MIDI Performance

3 replies [Last post]
cassiel's picture
cassiel
Offline
Joined: 10/17/2009
MIDI Performance

I knocked up a new renderer for my shado sprite library:
http://www.loadbang.net/space/Software/net.loadbang.shado
and pushed it into MfL, with MIDI coming out of Live and to the Ohm64. It didn't do too badly on the animation test set:
http://www.vimeo.com/1224474 (that's the monome version; I've not videod the Ohm yet)
but there were definitely timing issues and audio dropouts (even with the vector size pushed up to 1024).
Accordingly, I think there's a need for sysex support in MfL. (Assuming, of course, that people want to create animation displays on an Ohm64. Assuming, also, that Live's sysex support is solid. I've had numerous pieces of hardware that get it wrong, and in today's world of soft synths and VST preset storage, I don't know how much of a priority sysex is any more.)

mchenetz's picture
mchenetz
Offline
Joined: 09/17/2009

That's pretty cool. Sysex is probably the way to go. Depending on how fast the OHM can accept Sysex. This way you can set multiple leds at once. Have you tried Sysex from a plain Max patch instead of M4L? This is from the manual, which you have undoubtably looked at.

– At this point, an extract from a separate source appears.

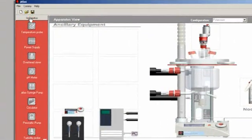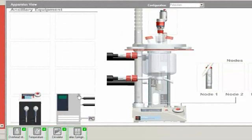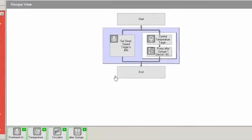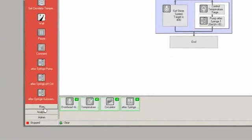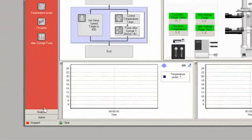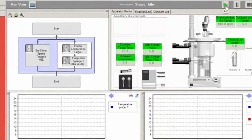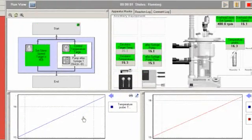The software has three major views: apparatus to define the sensors and controllers, recipe to define the reaction conditions, and run for automatically conducting the experiment whilst recording and displaying the data.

04 : Set all LED indicators
--------------------
F0 00 01 61 02 04 LL HH LL HH LL HH LL HH LL HH LL HH F7
All (75) LED indicators can be set on or off with this command. There are (12) bytes, or 6 pairs of LL HH.
Values must be 7F or less. The first LL HH pair represents column 1, with each subsequent LL HH pair
representing the next column. Within each pair, LL represents the first 7 rows, and HH represents the
remaining 6 rows. There are (14) bits total for rows, but bit (11) is unavailable and reserved for future
use. A 1 bit turns the LED off, a 0 bit turns it on.
The LED columns and rows do not conveniently match up with the physical layout of the Button columns
and rows. Using codes as C.R to specify column and row, the LED codes are as follows (all codes are
decimal in this table, and all columns and rows are numbered starting at 1 - the first line is the first Button
column from first to last row, etc.):
64 grid:
1.1, 3.2, 5.3, 1.5, 3.6, 5.7, 1.9, 3.10,
2.1, 4.2, 6.3, 2.5, 4.6, 6.7, 2.9, 4.10,
3.1, 5.2, 1.4, 3.5, 5.6, 1.8, 3.9, 5.10,
4.1, 6.2, 2.4, 4.5, 6.6, 2.8, 4.9, 6.10,
5.1, 1.3, 3.4, 5.5, 1.7, 3.8, 5.9, 1.12,
6.1, 2.3, 4.4, 6.5, 2.7, 4.8, 6.9, 2.12,
1.2, 3.3, 5.4, 1.6, 3.7, 5.8, 1.10, 3.12,
2.2, 4.3, 6.4, 2.6, 4.7, 6.8, 2.10, 4.12

Mike

cassiel's picture
cassiel
Offline
Joined: 10/17/2009

I've not boiled it down to the simplest Max patch, but I did build a Max for Live system with my existing monome renderer (which outputs OSC a row at a time directly from Java) plus Livid's monome-to-Ohm translator, which reads OSC and outputs sysex, in the same Max session, so there's a loopback OSC connection.

Performance was certainly better than Max for Live into MIDI CCs through Live, but still with some dropouts and not as snappy as running OSC into MonomeSerial and USB serial communication to the hardware.

So, perhaps performance issues with CoreMIDI (which is reasonable given that MIDI was never designed as a high-speed pixel animation protocol!). Also, I don't actually know the transfer speed of class-compliant MIDI-over-USB: hopefully, faster than "real" MIDI.

Anonymous

I think the editor application does video to the leds via sysex from max? I haven't opened the patch yet but I know they do make it available as source. May be worth porting to max 4 live if I had time.